Both hearings were expected to be contentious as lawmakers, already upset about having to vote for the biggest bailout in U.S. history, seek answers to what went wrong and try to determine why the government's rescue effort, which just cleared Congress on Oct. 3, already has undergone a radical overhaul.
All the action in Washington was taking place against a backdrop of continued turbulence on financial markets around the world. The Dow Jones industrial average plunged by 514 points Wednesday amid fears that the government intervention will not be enough to prevent a serious global recession.
Asian stocks fell for a second consecutive day Thursday, with South Korea's market sinking 7.5 percent. Japan's Nikkei 225 stock average closed down 2.5 percent, and Hong Kong's Hang Seng Index was down 4.7 percent.
While conducting major hearings so close to an election is unusual, House Oversight Committee Chairman Henry Waxman, D-Calif., said the current crisis was so serious that Congress could not wait until a new administration arrives in January to find out "what went wrong and who should be held accountable."

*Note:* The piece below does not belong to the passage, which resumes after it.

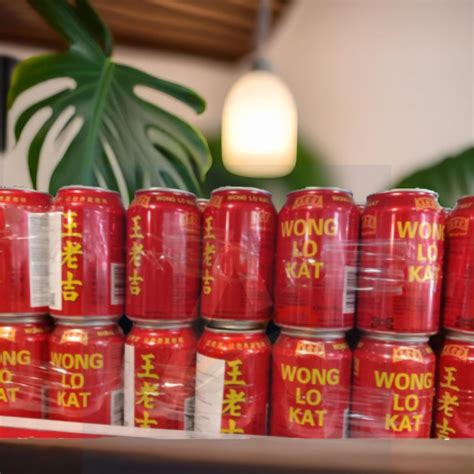 Jual Wong Lo Kat Liang Tea Dus Kaleng Shopee Indonesia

Democrats see the prime culprits as greedy Wall Street executives and lax government regulations under a Republican administration, a view that the administration and Republicans in Congress dispute strongly.
Once praised as the "maestro" of the U.S. financial system during the 1990s economic boom, Greenspan, who was succeeded in 2006 by Ben Bernanke, was likely to find himself defending actions he took that are being blamed for contributing to the current crisis.
Critics charge that he left interest rates too low in the early part of this decade, spurring an unsustainable housing boom, while also refusing to exercise the Fed's powers to impose greater regulations on the issuance of new types of mortgages, including subprime loans. It was the collapse of these mortgages and rising defaults a year ago that triggered the current crisis.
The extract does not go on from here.